DATA SHOWN>
<<<<

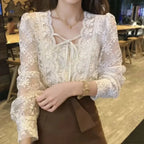 Vintage Lace Puff Long Sleeve Crochet Blouse image 1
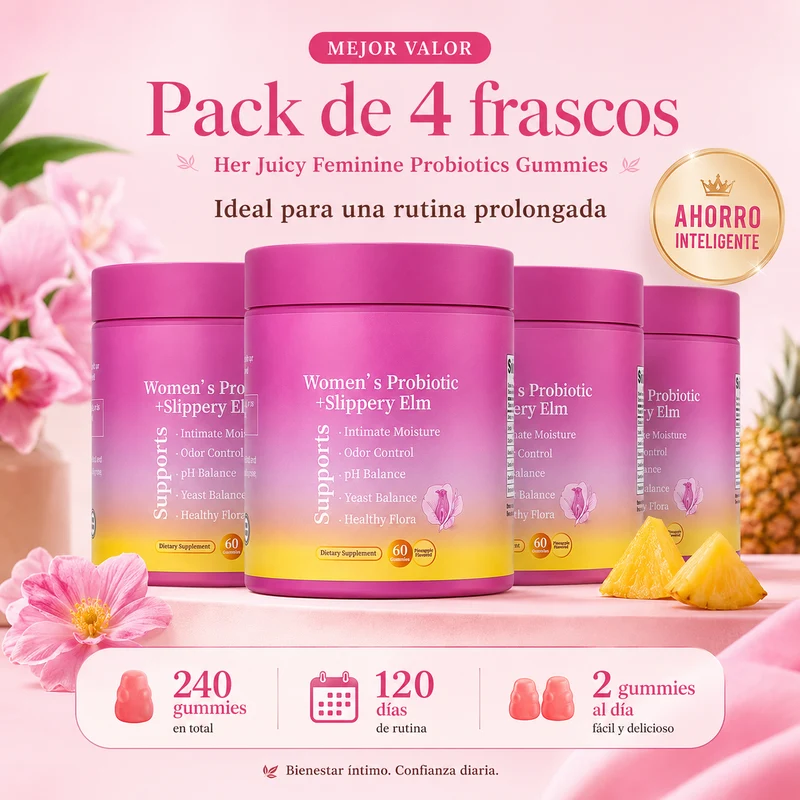 Probióticos Femeninos Gummies con Slippery Elm, XOS y Piña | Apoyo al pH, Flora Íntima, Frescura y Bienestar Diario – 60 Gummies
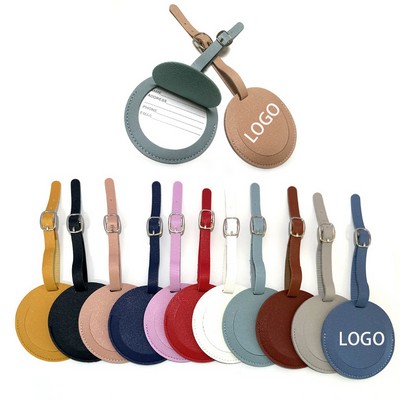 Round PU Leather Luggage Tag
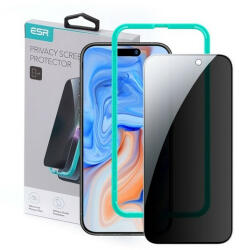 Apple iPhone 15 / 16, Kijelzővédő fólia, ütésálló fólia (az íves részre is! ), Tempered Glass (edzett üveg), segéd kerettel, betekintés elleni védelem, ESR Privacy, fekete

>>>>

WHAT THE TASK REQUIRES>
With the pictures removed, write out exactly the lines from the line containing "Probióticos Femeninos Gummies" through the last line of the material above, both included.

WRITTEN REPLY>
 Probióticos Femeninos Gummies con Slippery Elm, XOS y Piña | Apoyo al pH, Flora Íntima, Frescura y Bienestar Diario – 60 Gummies
 Round PU Leather Luggage Tag
 Apple iPhone 15 / 16, Kijelzővédő fólia, ütésálló fólia (az íves részre is! ), Tempered Glass (edzett üveg), segéd kerettel, betekintés elleni védelem, ESR Privacy, fekete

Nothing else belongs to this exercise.